Cook pointed out that Apple pays billions of dollars in taxes on its U.S. earnings and breaks no laws with its tax strategies. But there was no denying some damage had been done to Apple’s image; Republican Sen. John McCain called the company “the most egregious offender” among tax-avoiding U.S. corporations, while Democratic Sen. Carl Levin said Apple has been “exploiting an absurdity, one that we have not seen other corporations use.” In other words, in a nation that tends to focus its corporate outrage on banks and health insurance companies, elites from across the political spectrum argued that Apple is exceptionally bad at meeting a crucial societal obligation. That can’t be a message Apple is happy to see aired.

But the public pressure on Apple to live up to its high-minded marketing won’t be confined to one company; tech corporations are being held to an increasingly high standard. That’s partly because their role has grown so dramatically. Once upon a time, computers were large boxes used behind closed doors, adopted by tinkerers and sold by misfits of little interest to the broader society.

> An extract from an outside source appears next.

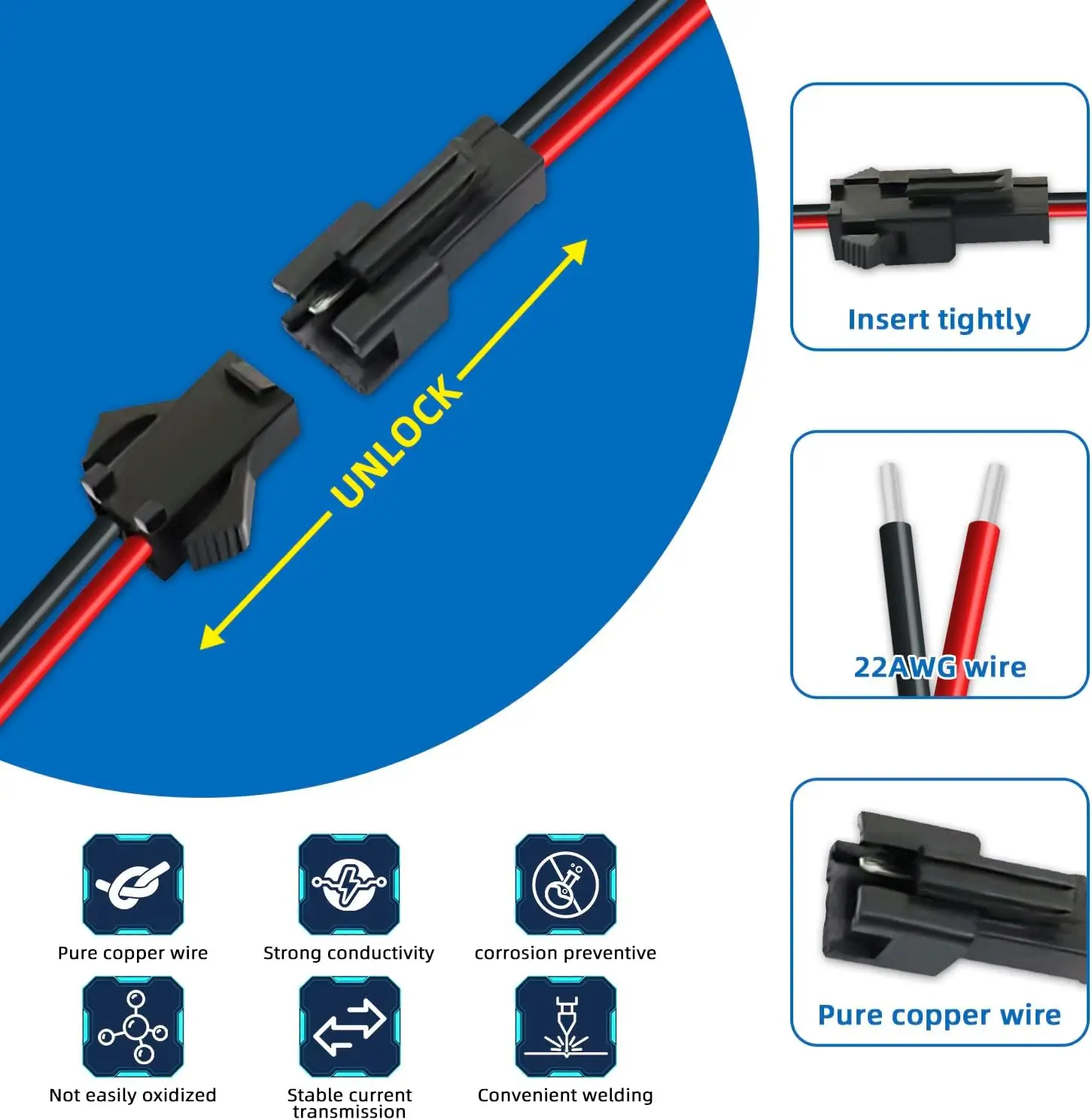 SM JST 2PIN Wire Connector Cable for WS2812B WS2811 LED Strip Lights 22AWG Male Female Without Soldering Light Controller Wire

Today people have a much more intimate relationship with software and hardware, carrying smartphones at all times, taking tablet computers into bed, uploading private photos to the web and turning to a remote server when they want to get in touch with a relative or close friend. Tech companies have seized on this sea change, positioning themselves as enablers of freedom, self expression, and cultural change. Their leaders are not the subjects of Oscar-winning movies and best-selling books. Is it any wonder politicians are now more likely to call them on questionable behavior?

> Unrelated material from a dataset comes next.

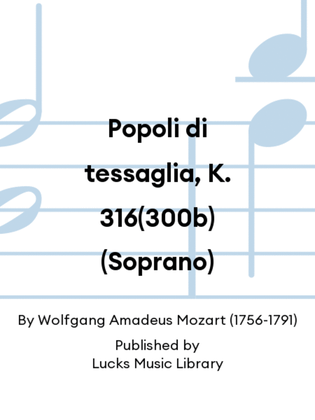 Book cover for Popoli di tessaglia, K. 316(300b) (Soprano)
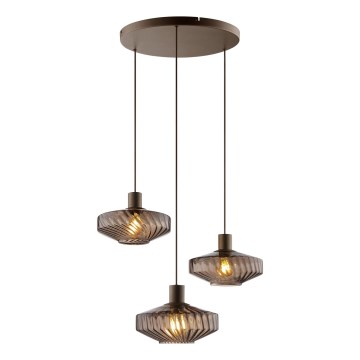 Brilliant - Hanglamp aan kabel LYN, 3x E27/20W/230V, Ø 69 cm, bruin/rookbruin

Apple may, today, be the most prominent tech company called to the carpet, but others have had, and will again have, their turn. Google, for one, has been criticized for its own aggressive tax avoidance strategies, while Facebook and Twitter have taken federal heat for their privacy practices.

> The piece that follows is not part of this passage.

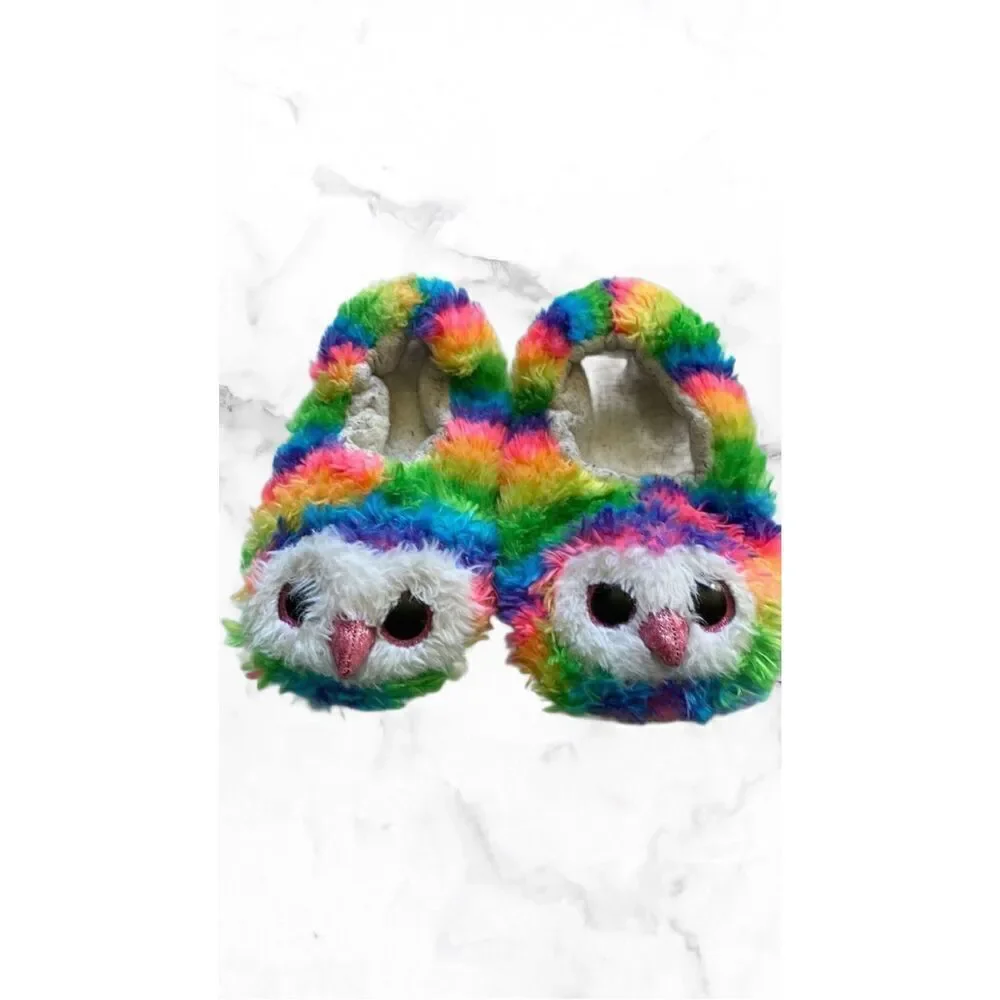 TY kids preloved slippers, owls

Tech companies are not, for the most part, polluting the air, ruining the land, and poisoning the food supply like the industrial villains of decades past. But they have held themselves up as instrumental to human progress. Having sold this vision of advancement and having captured the imagination of the public, tech companies must comport themselves accordingly. Technical compliance with the law isn’t enough; companies like Apple will have to strain – and be seen straining – to do the right thing.